Harder to quantify in a competitive sense will be the noise it makes, but Murray has taken considerable steps to ensure it's "one of the best-sounding road car engines ever made" as well. For starters; no turbos. Turbos might be a quick and easy path to extra horsepower, but if you're finding yourself in need of more than 700 horsepower in a sub-thousand kilo supercar, you need your head read, and as they harvest exhaust energy, they also deaden much of the glorious noise a high-performance engine makes.
This sound is channeled into the T.50's cabin for your enjoyment through a cold-air ram induction intake directly above the driver's head. The varying thickness of the carbon roof has been tuned to amplify it, and since the induction system opens and closes based on the throttle and not the current engine speed, the sound only gets amplified when you're right up it on the gas.
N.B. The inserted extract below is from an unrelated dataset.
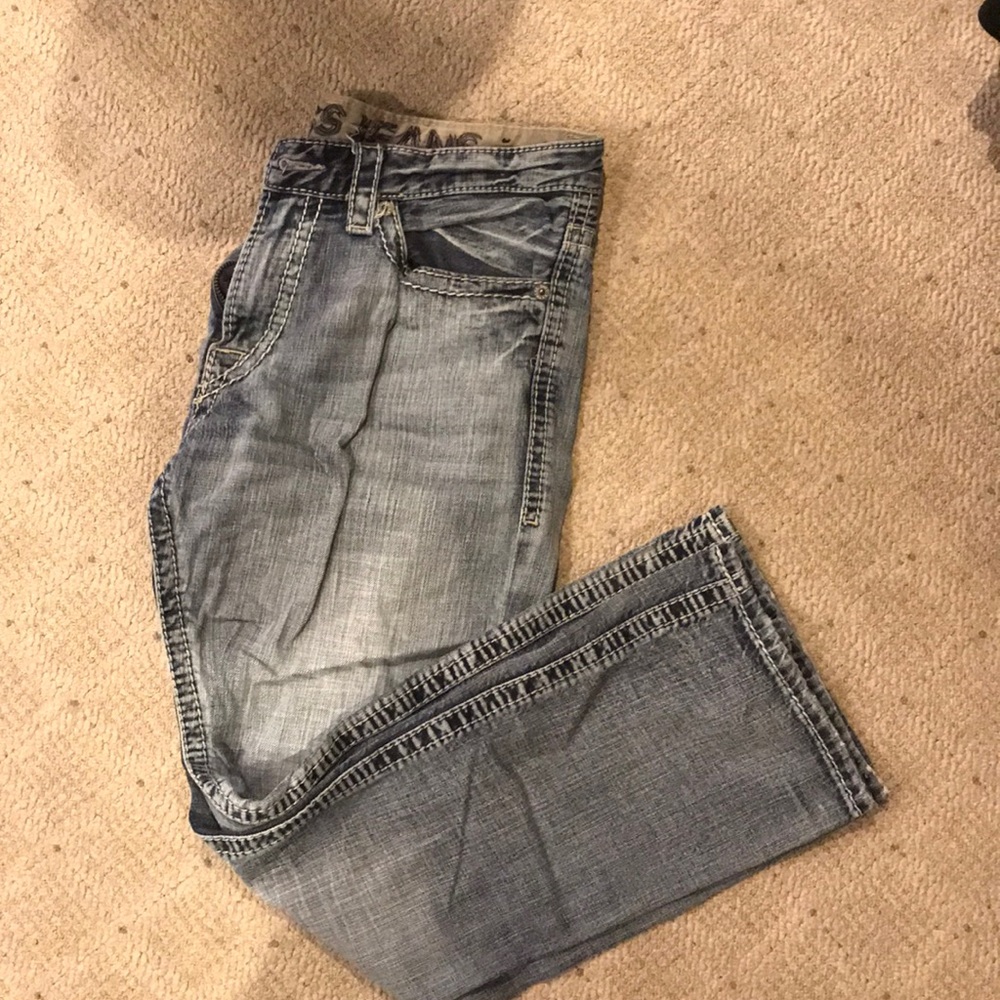 express jeans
Thus, it should be reasonably socially acceptable when you're bimbling about town, but it'll howl like a beast from hell when you stick the gumboot in. "As you push towards the upper end of the rev range," says Murray, "this V12 will sing like nothing else on the road." We believe him.
The engine's also designed to act as a semi-structural member in the frame; the suspension wishbones hang off the bespoke Xtrac short-shift manual gearbox, for example, and Murray has also ensured that it keeps the weight low down for superbly grounded handling. The T.50's steel crank, for example, sits just 8.5 cm (3.3 in) from the bottom of the engine.
There are no "unsightly" belts. Murray hates them and thus everything's gear-driven. Indeed, he's ensured all eyesore ancillaries are tucked away out of sight, and to celebrate how good the engine looks, he's given it its own set of gull-wing engine bay doors, rising up from the spine of the car for mechanical access with a bit of theater to it.
As fun as it is to gawk at thousand-plus-horsepower hypercars, there's a good argument that the T.50 will be a better driver's car than any of them. Super-lightweight and plenty powerful, it'll stick to the road like white on rice, straining necks and pulling cheeks in the corners. And there's nothing on the face of the Earth that'll rev up so lightning-fast or scream the song of its people quite like this Cosworth motor.
Only 100 are being made, at an as-yet-undisclosed price well over two and a half million Freedom Bucks. I sure hope we get to see what these things can do.